October 8, 2008
Brazil's soy trade helped by local demand; exports slow
Brazil's soy exports remain seasonally slow this week, while local crushers continue to buy soy, analysts and brokers said Tuesday (October 7).
The strength of the US dollar against the Brazilian real has helped to bring some sellers to the market this week, said a chief trader at a major US multinational in Sao Paulo.
Brazilian resellers and merchants, who buy soy from local farmers in exchange for inputs such as fertilizers, have been selling mainly to local crushers but also some for export, the trader said, without giving names.
November soy on the Chicago Board of Trade rose 4 cents to US$9.26 per bushel on Tuesday, after plunging from nearly US$14 a bushel a few months ago.
The stronger dollar has compensated for much of the CBOT losses over the last few months, with current trading at 2.31 Brazilian reals to the US dollar on Tuesday.
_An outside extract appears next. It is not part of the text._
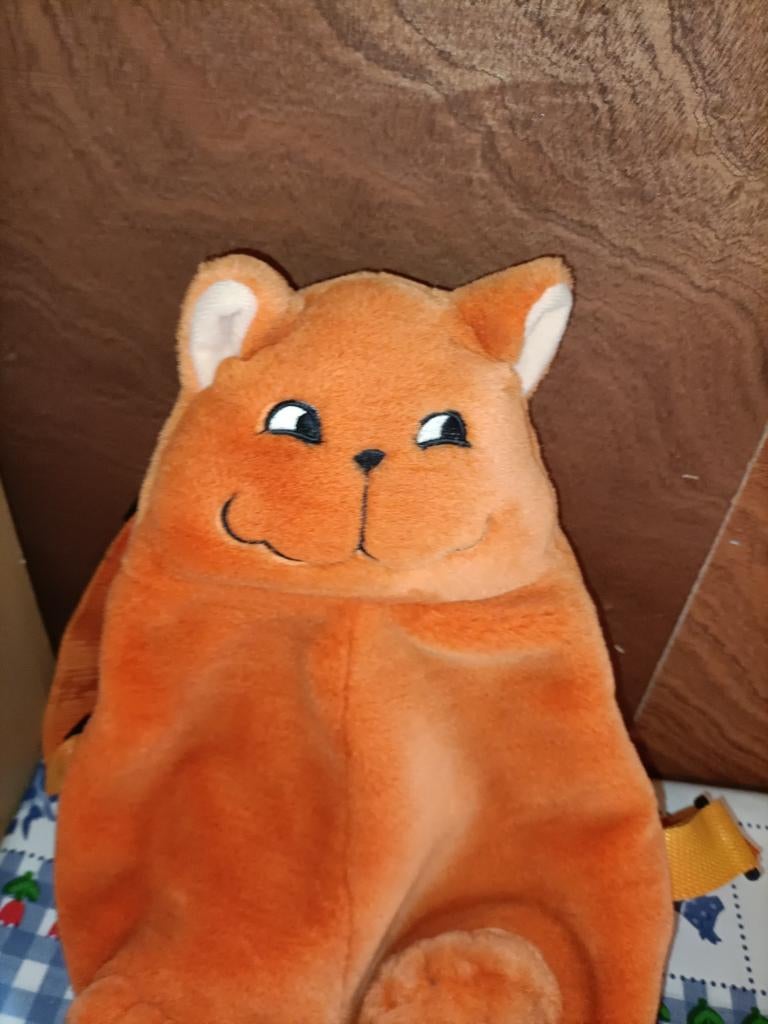 Jan Jans en de Kinderen rode kater rugtas rugzak, Ophalen of Verzenden, Zo goed als nieuw, Overige typen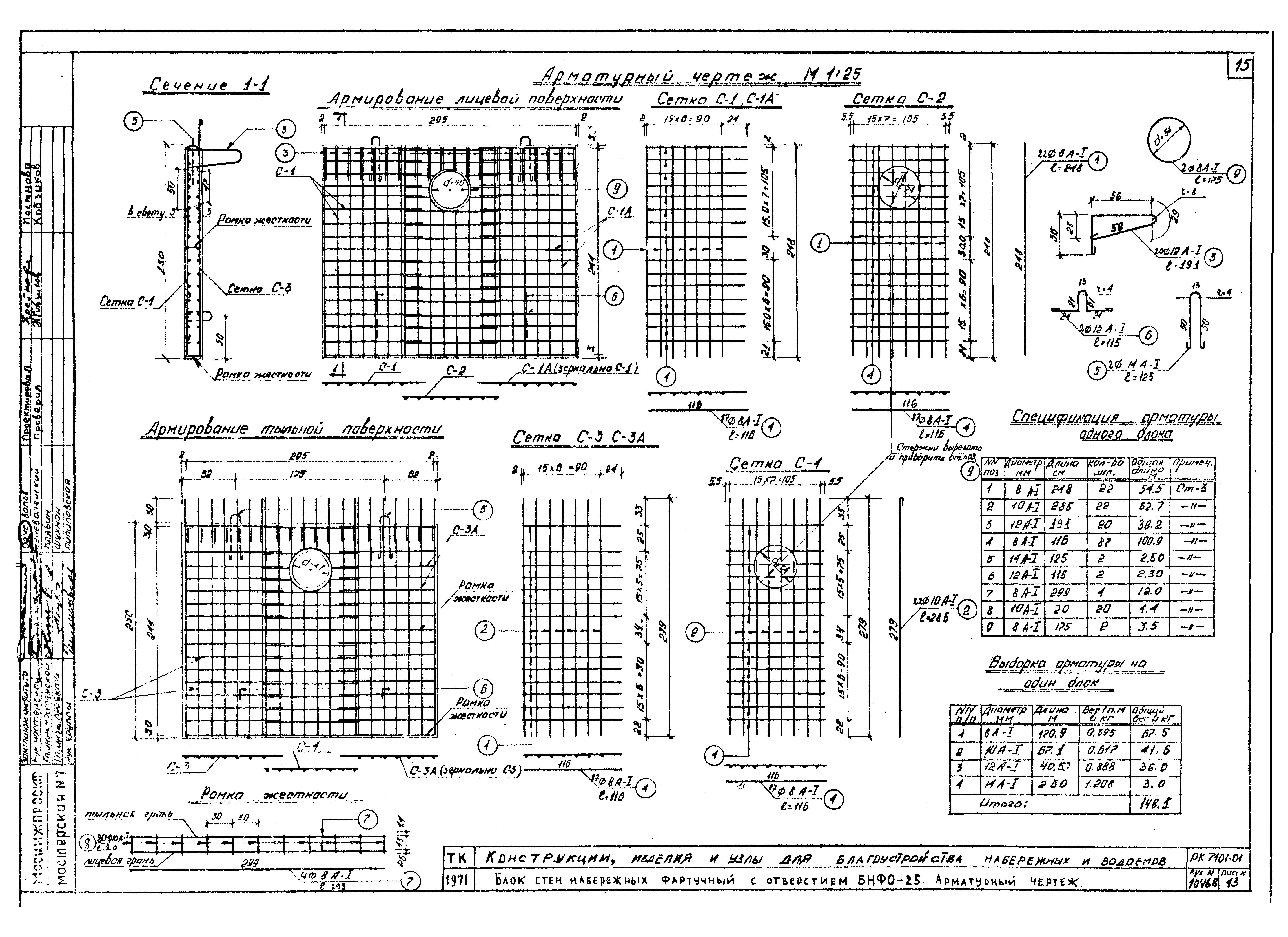 Альбом РК 7101-01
The real hasn't been at those levels since 2005.
The trader said soy premiums on Tuesday saw sellers asking for 80 cents over the December CBOT contract, while buyers offered 70 cents over the same contract at the port of Santos.
There's little agreement at this level, with Brazilian soy exports being slow as prices reach some 30 cents above the soy prices from the US, he said.
Still, he expects one or two vessels to dock at the main Brazilian ports up until the end of the year with pre-agreed contracts.
Paulo Gilioli, a trader at grain brokerage firm Cerealpar in Mato Grosso state, Brazil's No.1 soy producer, said that local crushers continue to purchase soy while some exports were made by the large players such as ADM and Bunge, but with small volumes.
Bunge bought around 1,500 tonnes of soy for export for BRL39 per 60-kilogram bag of soy, he said.
David Brew, a broker at Brasoja in Rio Grande do Sul, the No. 3 soy-producing state, said that local demand for soy remains steady with local crushers still needing to buy soy to crush into animal feed or for local biofuels contracts.
Brazilian soy producers are also doing some washout trade, buying back what they had originally sold to customers, at a small profit, he said.
"Soy exports from Brazil are usually slow this time of year, because it's the Brazilian inter-harvest period and the US soy crop starts to enter the global market," said Steve Cachia, a senior commodities analyst at Cerealpar.
The first soy crop estimate for 2008-09 by Brazil's National Commodities Supply Corp., or Conab, on Wednesday is unlikely to lift the market later this week, as all eyes are on the financial crisis in the US and Europe, Cachia said.
Soy premiums on Tuesday at the Paranagua port had buyers offering 70 cents over the CBOT November soy contract, while there were no sellers. Buyers offered premiums on par with the March CBOT soy contract, with sellers asking for five cents over, according to Cerealpar.
A trader said that many Brazilian soy farmers are still waiting for prices at around US$12 or US$13 per bushel.
But the trader added that with the US dollar and CBOT prices at current levels, producers in states such as Mato Grosso state, the No.1 Brazilian soy producing state, can still make a slim profit even with higher costs for inputs such as fertilizers.
Farmers in Brazil, the No. 2 soy producer behind the US, are planting soy this month.